Myelofibrosis Pipeline Expands with Over 40 Candidates from 35+ Companies

The myelofibrosis therapeutic landscape is experiencing significant expansion, with more than 35 companies developing over 40 pipeline candidates across clinical and preclinical stages. A comprehensive pipeline analysis reveals a diverse range of investigational assets targeting this rare blood cancer, which has an annual incidence of 1-3 new cases per 100,000 people and an estimated U.S. prevalence of approximately 25,000 patients.

Recent developments highlight substantial clinical trial activity. In February 2026, Prelude Therapeutics announced a Phase 1 study of PRT12396, an open-label, multi-center safety and efficacy study in patients with high-risk polycythemia vera and intermediate and high-risk myelofibrosis. The primary endpoints include safety, efficacy, and pharmacokinetic profile.

In January 2026, Cellenkos Inc. received U.S. Food and Drug Administration Orphan Drug Designation for its investigational product CK0804 for myelofibrosis treatment. The company is developing allogeneic, off-the-shelf, regulatory T cell therapies for autoimmune and inflammatory diseases.

Several key clinical trial milestones were reached in late 2025 and early 2026. Karyopharm Therapeutics Inc. completed patient enrollment in its Phase III SENTRY trial assessing selinexor in combination with ruxolitinib for JAK inhibitor–naïve myelofibrosis patients in September 2025. The company also launched a global, multicenter, two-part study to evaluate the safety and efficacy of selinexor in combination with ruxolitinib in JAK inhibitor–naïve myelofibrosis patients, including an open-label Phase I component to determine safety and recommended dosing, followed by a randomized, double-blind Phase III evaluation.

Incyte reported that Phase I clinical data evaluating its investigational therapy as monotherapy and in combination with ruxolitinib in myelofibrosis patients are expected in the latter half of 2025. The company also collaborated with QIAGEN in June 2025 to develop a novel diagnostic panel to support Incyte's broad investigational portfolio for myeloproliferative neoplasms, including the monoclonal antibody candidate INCA033989.

Multiple companies initiated clinical studies in January 2025. Geron Corporation began a clinical study to assess overall survival in intermediate-2 and high-risk myelofibrosis patients treated with imetelstat compared with best available therapy following relapse or refractoriness to JAK inhibitor treatment. Ryvu Therapeutics initiated a clinical trial to examine the efficacy, safety, pharmacokinetics, and pharmacodynamics of RVU120 in adult patients with intermediate- or high-risk primary or secondary myelofibrosis, administered either as monotherapy or in combination with ruxolitinib.

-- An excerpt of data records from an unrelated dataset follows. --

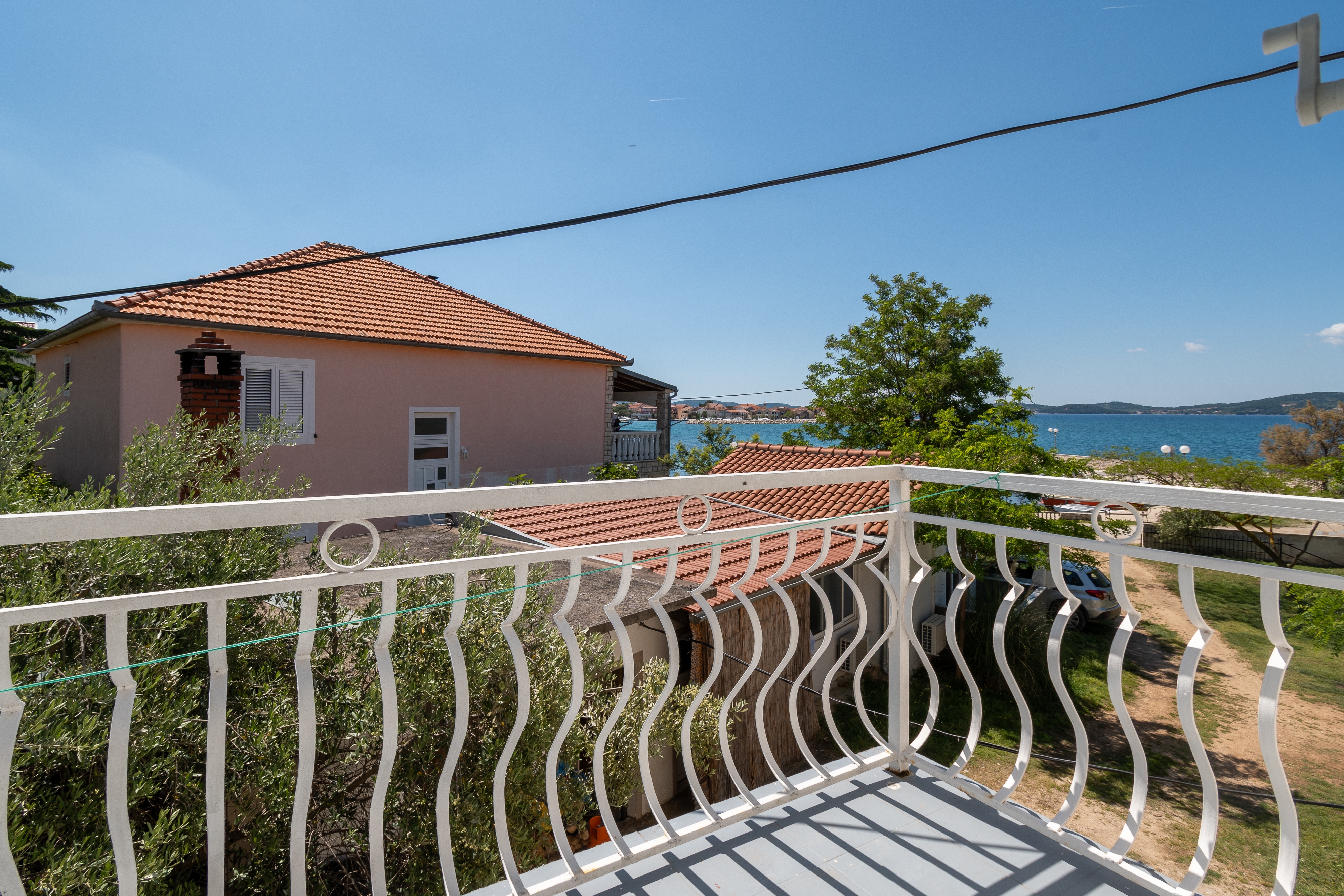 Two bedroom apartment near beach Bibinje, Zadar  A-a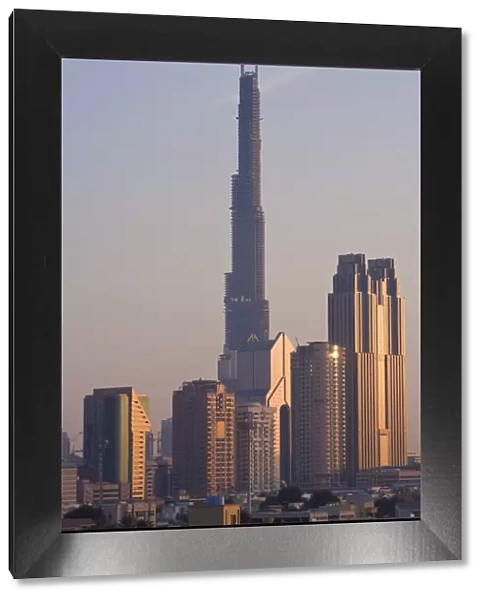 Construction of the Burj Dubai (Dubai Tower)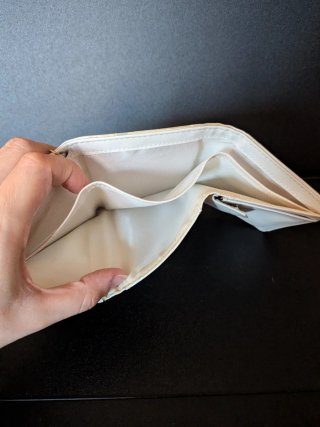 Cartera juvenil con llavero de rana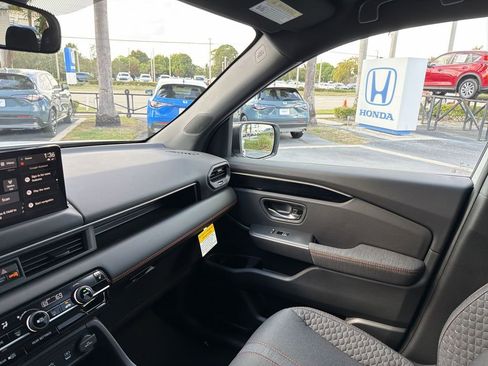 New 2026 Honda Pilot Sport image 10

AbbVie launched the TRANSFORM-2 trial, a randomized, open-label Phase III study comparing navitoclax plus ruxolitinib versus best available therapy in patients with relapsed or refractory myelofibrosis. Celgene initiated a Phase III study to evaluate the efficacy and safety of luspatercept versus placebo in patients with MPN-associated myelofibrosis and anemia who are receiving concomitant JAK2 inhibitor therapy and require red blood cell transfusions.

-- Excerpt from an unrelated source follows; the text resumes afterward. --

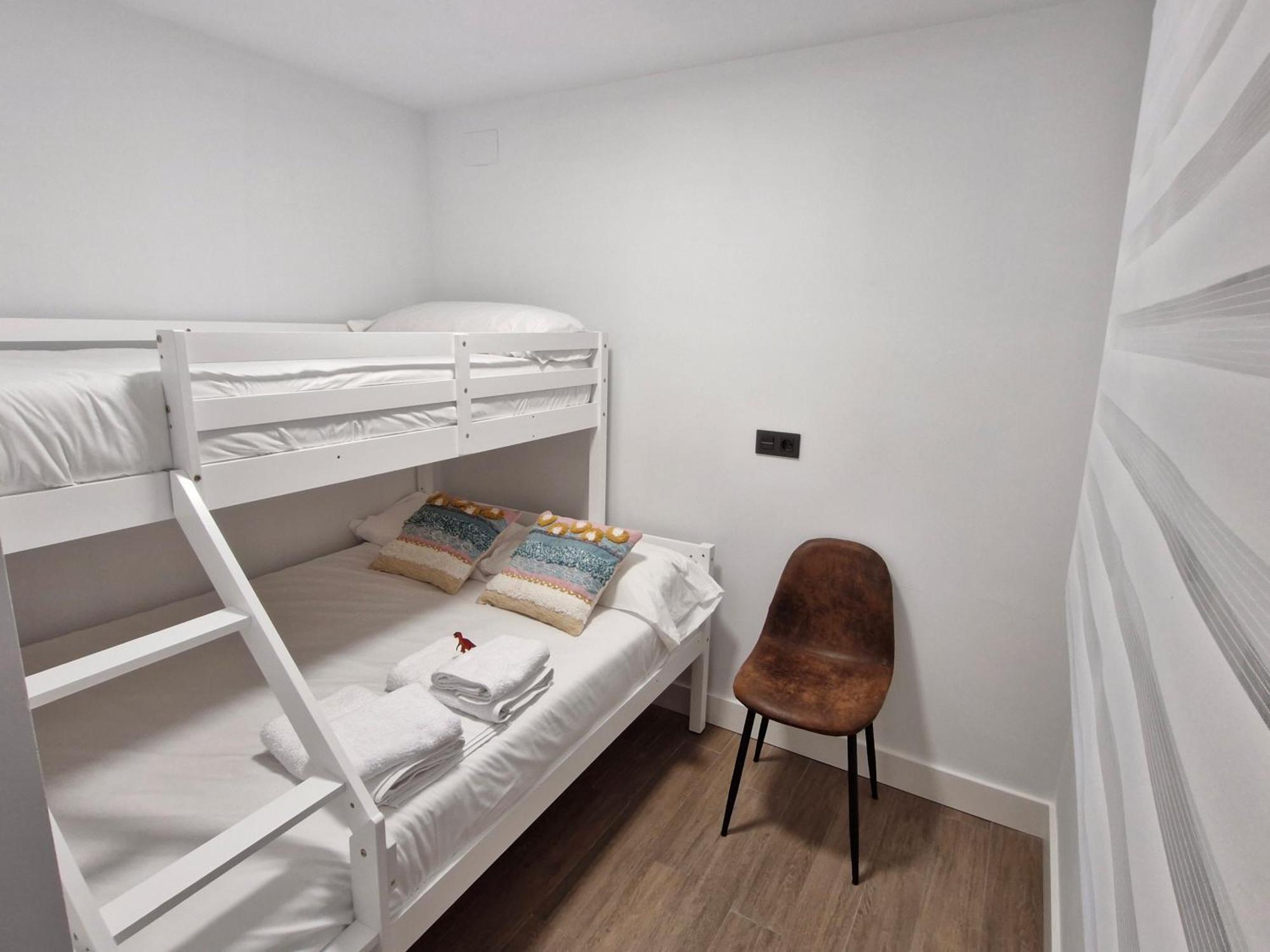 Casa Laurentina Lastres Bagian luar foto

Keros Therapeutics is developing KER-050, an investigational therapeutic protein intended to enhance red blood cell and platelet production by inhibiting signaling from specific members of the TGF-β protein family. The therapy is intended for the treatment of cytopenias—such as anemia and thrombocytopenia—in patients with Myelodysplastic Syndromes and Myelofibrosis.

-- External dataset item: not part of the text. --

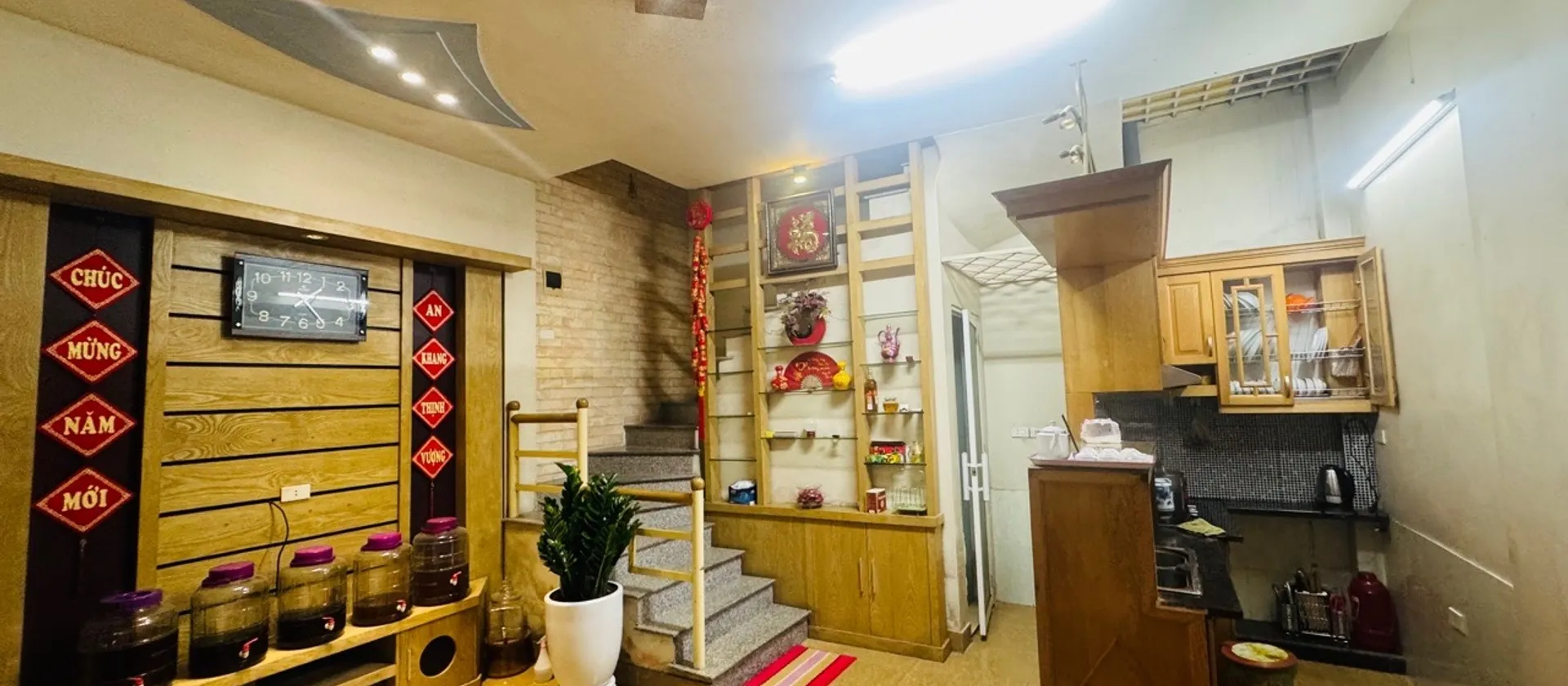 Nhà riêng 4 tầng chắc chắn tại khu vực Hoàng Hoa Thám với nhiều tiện ích xung quanh... Bán nhà riêng tại Ngọc Hà, Hà Nội 01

Stemline Therapeutics conducted a multicenter, multi-arm clinical trial assessing the safety and efficacy of tagraxofusp, a CD123-targeted therapy, in patients with chronic myelomonocytic leukemia or myelofibrosis. The pipeline evaluation covers therapies across multiple parameters including product category, development phase, route of administration, and molecular class, while also identifying discontinued and inactive pipeline programs within this space.